This is the version for printing. If you're looking at a monitor, see this version.
Article originally posted by David Gauntlett, 24 February 2007, at the website www.theory.org.uk. Revised, March 2007. Posted with a new introduction, January 2011.
My 'Media Studies 2.0' article was first presented here in February 2007. Then four years later, I added a new introduction which responds to some of the comments that have been made about it. So below you have the new introduction followed by the original article.
Note that there is now a Kindle book, Media Studies 2.0, and Other Battles around the Future of Media Research, published July 2011, which brings together this essay alongside more recent articles, responses and rejoinders. It includes brand new introduction and conclusion chapters, and other previously unpublished material, as well as a lively interview about a range of issues around creativity, participation, and social media.

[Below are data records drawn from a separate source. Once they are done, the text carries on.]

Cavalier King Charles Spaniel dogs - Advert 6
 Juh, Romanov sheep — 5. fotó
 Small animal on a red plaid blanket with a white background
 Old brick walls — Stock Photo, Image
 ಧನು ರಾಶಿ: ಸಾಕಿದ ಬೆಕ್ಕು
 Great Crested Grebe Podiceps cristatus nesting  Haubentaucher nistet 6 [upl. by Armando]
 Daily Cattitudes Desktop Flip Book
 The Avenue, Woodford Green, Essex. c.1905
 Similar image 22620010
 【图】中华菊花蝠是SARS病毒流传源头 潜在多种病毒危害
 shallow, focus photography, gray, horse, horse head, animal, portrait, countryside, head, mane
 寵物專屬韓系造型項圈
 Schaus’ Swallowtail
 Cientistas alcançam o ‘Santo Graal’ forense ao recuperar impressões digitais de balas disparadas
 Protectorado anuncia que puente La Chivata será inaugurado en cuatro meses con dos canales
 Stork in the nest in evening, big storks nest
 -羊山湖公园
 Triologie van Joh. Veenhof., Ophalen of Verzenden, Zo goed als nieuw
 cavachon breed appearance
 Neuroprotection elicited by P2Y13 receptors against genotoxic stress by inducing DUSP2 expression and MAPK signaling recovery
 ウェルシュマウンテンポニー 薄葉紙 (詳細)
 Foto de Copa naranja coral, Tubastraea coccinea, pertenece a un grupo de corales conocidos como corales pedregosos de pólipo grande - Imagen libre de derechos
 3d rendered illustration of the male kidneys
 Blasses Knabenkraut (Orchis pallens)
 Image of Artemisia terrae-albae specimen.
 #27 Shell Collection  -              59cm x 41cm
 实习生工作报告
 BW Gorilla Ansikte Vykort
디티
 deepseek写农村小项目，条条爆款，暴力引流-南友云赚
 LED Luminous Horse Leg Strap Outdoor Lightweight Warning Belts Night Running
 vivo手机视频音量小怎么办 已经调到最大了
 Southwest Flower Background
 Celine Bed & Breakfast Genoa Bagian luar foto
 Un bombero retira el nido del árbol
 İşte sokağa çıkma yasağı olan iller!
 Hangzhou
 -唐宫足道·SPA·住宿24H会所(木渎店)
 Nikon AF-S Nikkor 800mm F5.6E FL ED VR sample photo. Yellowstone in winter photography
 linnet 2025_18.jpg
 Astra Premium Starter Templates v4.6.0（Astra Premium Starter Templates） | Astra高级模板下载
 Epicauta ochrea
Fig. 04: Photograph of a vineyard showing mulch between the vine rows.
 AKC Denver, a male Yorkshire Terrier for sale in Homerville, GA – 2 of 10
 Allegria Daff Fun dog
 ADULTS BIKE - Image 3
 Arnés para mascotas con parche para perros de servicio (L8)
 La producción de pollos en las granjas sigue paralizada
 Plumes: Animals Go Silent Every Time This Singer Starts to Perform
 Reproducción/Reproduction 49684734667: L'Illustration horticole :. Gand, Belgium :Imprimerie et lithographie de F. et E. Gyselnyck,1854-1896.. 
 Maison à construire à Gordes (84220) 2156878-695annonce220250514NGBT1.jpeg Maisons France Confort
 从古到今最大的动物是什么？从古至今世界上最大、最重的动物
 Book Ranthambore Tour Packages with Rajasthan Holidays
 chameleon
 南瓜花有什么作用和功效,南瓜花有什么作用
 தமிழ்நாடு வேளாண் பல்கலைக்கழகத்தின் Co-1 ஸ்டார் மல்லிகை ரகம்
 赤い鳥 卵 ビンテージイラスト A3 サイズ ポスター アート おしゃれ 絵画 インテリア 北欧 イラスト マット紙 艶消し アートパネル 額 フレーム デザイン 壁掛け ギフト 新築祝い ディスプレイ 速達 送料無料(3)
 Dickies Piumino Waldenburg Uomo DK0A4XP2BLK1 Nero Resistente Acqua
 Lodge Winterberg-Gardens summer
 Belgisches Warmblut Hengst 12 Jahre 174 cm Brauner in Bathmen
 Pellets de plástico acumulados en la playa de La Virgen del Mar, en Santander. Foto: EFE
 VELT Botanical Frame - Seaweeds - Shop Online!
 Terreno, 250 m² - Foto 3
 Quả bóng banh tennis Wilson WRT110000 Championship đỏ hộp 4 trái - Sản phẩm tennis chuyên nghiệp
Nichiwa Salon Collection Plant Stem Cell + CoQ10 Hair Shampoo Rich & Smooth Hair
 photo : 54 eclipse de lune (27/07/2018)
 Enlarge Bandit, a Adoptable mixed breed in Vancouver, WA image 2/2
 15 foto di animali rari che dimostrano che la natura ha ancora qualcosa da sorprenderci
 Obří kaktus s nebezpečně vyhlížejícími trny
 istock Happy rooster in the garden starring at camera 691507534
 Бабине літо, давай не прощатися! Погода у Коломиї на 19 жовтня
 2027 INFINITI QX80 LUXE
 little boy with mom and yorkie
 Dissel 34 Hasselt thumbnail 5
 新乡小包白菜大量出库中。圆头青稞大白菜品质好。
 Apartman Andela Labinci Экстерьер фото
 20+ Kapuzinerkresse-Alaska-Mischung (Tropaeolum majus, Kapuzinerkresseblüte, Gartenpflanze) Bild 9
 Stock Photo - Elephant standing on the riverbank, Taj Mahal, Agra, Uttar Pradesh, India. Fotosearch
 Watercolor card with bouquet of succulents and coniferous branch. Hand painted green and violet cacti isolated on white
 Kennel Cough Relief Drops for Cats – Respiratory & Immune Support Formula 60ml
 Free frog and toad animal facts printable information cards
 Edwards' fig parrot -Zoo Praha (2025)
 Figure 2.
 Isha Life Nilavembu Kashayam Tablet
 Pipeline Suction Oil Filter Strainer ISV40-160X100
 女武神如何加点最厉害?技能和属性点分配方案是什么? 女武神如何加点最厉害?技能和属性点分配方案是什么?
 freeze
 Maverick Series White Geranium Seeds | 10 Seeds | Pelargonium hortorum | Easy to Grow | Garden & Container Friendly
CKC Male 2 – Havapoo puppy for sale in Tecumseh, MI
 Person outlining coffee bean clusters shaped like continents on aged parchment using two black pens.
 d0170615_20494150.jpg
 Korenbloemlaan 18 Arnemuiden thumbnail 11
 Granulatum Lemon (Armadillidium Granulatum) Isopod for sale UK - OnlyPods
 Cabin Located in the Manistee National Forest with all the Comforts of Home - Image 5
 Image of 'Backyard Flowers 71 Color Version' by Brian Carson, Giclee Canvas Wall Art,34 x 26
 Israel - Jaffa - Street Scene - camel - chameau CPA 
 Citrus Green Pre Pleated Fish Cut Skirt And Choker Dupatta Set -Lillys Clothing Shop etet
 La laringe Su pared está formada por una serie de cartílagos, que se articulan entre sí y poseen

New introduction (January 2011):
I haven't really felt the need to update this article in the past four years, as it still seems straightforward and speaks for itself.
In particular, I haven't seen any criticisms of 'Media Studies 2.0' which don't accidentally disintegrate themselves on the blunt sword of their own arrogance and complacency.
For example, I have seen it said that traditional 'Media Studies' and 'Cultural Studies' developed a wonderful set of tools, over 50 years, for understanding the media, and that therefore we should just stick with those, not throw them away! This view can be made to sound wise and sensible. Unfortunately, it is lazy and disingenuous nonsense.
Those tools, such as they were, were designed to address an entirely different landscape based on a simple model of broadcasters/publishers and consumers. They just don't work any more. (Okay, to be fair, they work if all you want to do is produce yet another 'analysis' of a film or television programme, or if you want to consider how the industry worked 30 years ago. And the old version of 'Media Studies' is bound to be attractive to the kind of person who wants to shore up their own 'expertise' – although they sit, proud and pompous, on a castle made of sand).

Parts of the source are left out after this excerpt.